Jeśli 29 marca faktycznie dojdzie do Brexitu, unijne ciężarówki nadal będą miały wstęp na brytyjską ziemię. Brytyjski rząd zgodził się bowiem na wprowadzenie transportowego okresu przejściowego, zaproponowanego przez Unię Europejską.
W ramach tych przejściowych zasad, posiadanie unijnej licencji na przewozy będzie zezwalało także na wykonywanie ich w Wielkiej Brytanii. Przewoźnicy nie będą musieli wyrabiać dodatkowych zezwoleń, takich jak na przykład CEMT, a sama liczba przewozów nie będzie odgórnie ograniczana. Na podobnych zasadach brytyjskie ciężarówki będą też mogły jeździć po krajach Unii Europejskiej.
Powyższy okres przejściowy ma utrzymać do końca 2019. W międzyczasie miano by zaś zawiązać nowe umowy transportowe, niezwiązane już z unijnymi zezwoleniami. O ile oczywiście wcześniej dojdzie do Brexitu…

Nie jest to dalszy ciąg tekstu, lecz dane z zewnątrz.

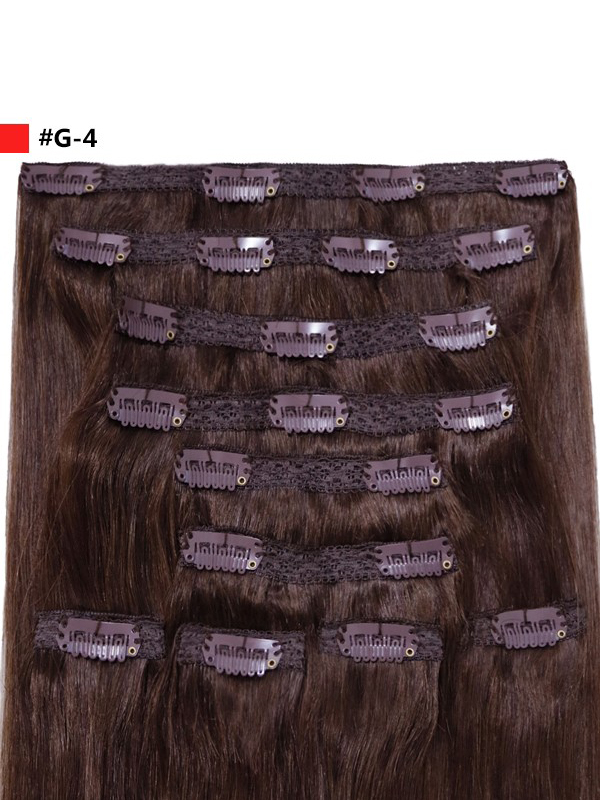 20 "200G 10 Pezzi Clip Classica Nelle Estensioni Dei Capelli Umani Di Remy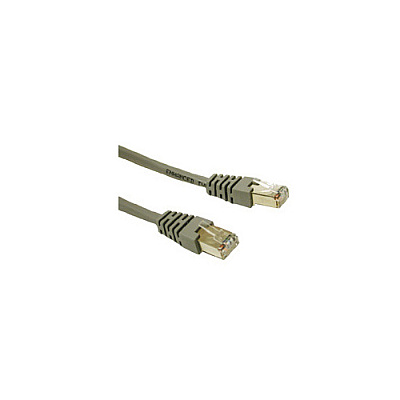 C2G 75ft Cat5e Molded Stp Cbl-gry (28700)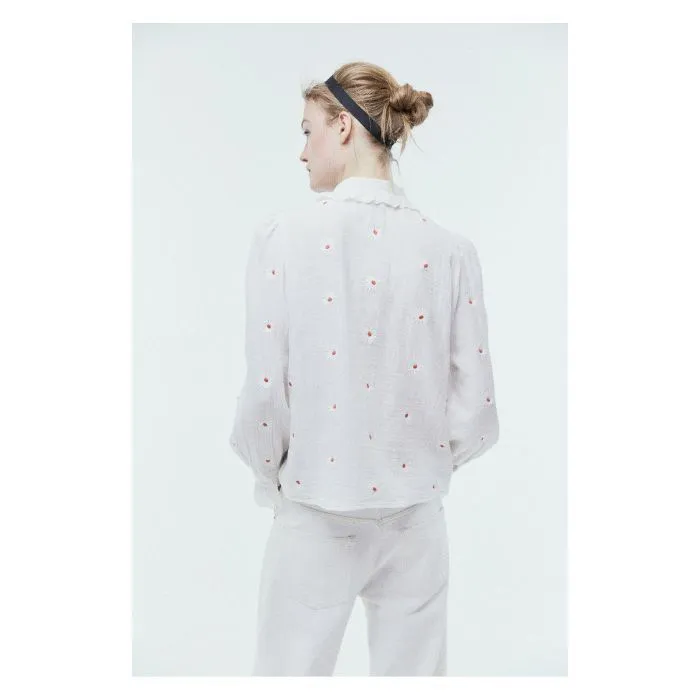 Sfera  |Flower Patterns Casual Style Long Sleeves Cotton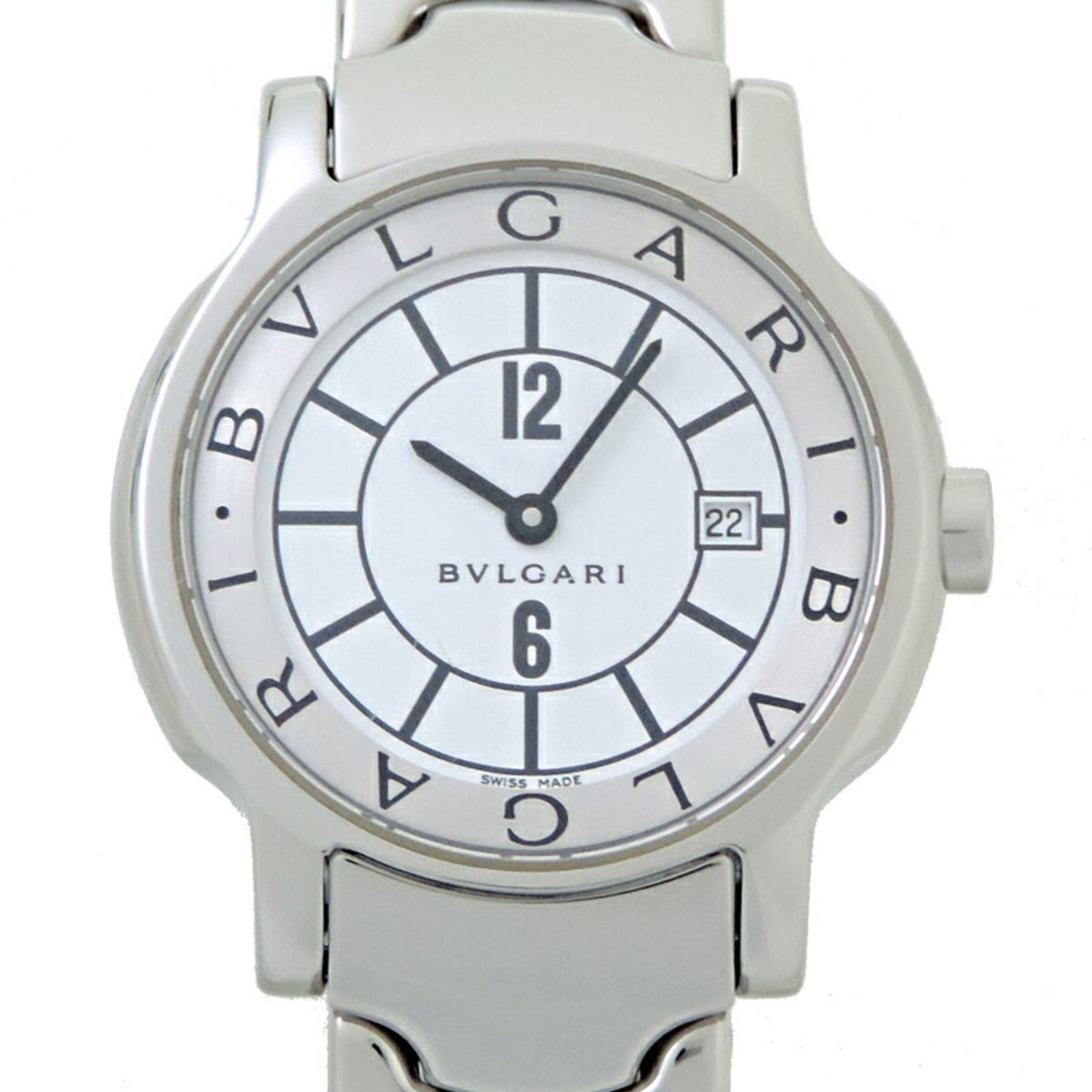 Pre-Owned Bvlgari Solo Tempo Ladies Watch ST29S
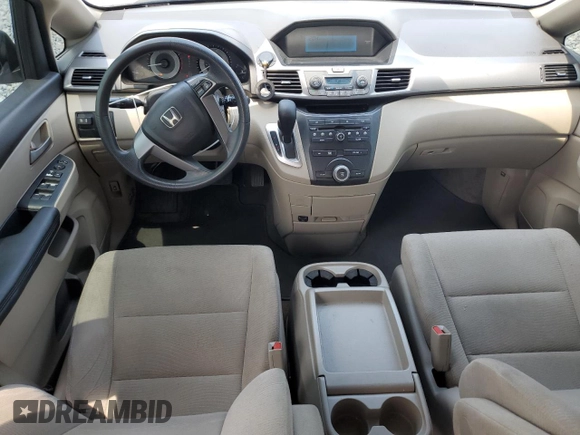 2012 Honda Odyssey LX with VIN 5FNRL5H25CB109643, listed as a Copart auction lot 55951805 with 128,341 mi miles and Clean Title. Bid and sale history available at carsss.com. Image 8.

Czy zaś do niego dojdzie? Według informacji z dzisiejszego poranka, rozważane są dwa możliwe scenariusze. W pierwszym z nich Wielka Brytania dokona „twardego” Brexitu, nie nawiąże żadnej umowy z Unią Europejską i będzie musiała to zrobić zgodnie z pierwotnym planem, czyli 29 marca.
Drugi scenariusz przewiduje zaś opóźnienie Brexitu na 22 maja bieżącego roku. Unia Europejska już się na ten termin zgodziła, lecz postawiła bardzo konkretny warunek – nie mógłby to być „twardy” Brexit, a wiec Brytyjczycy musieliby zaakceptować odrzuconą już dwukrotnie umowę.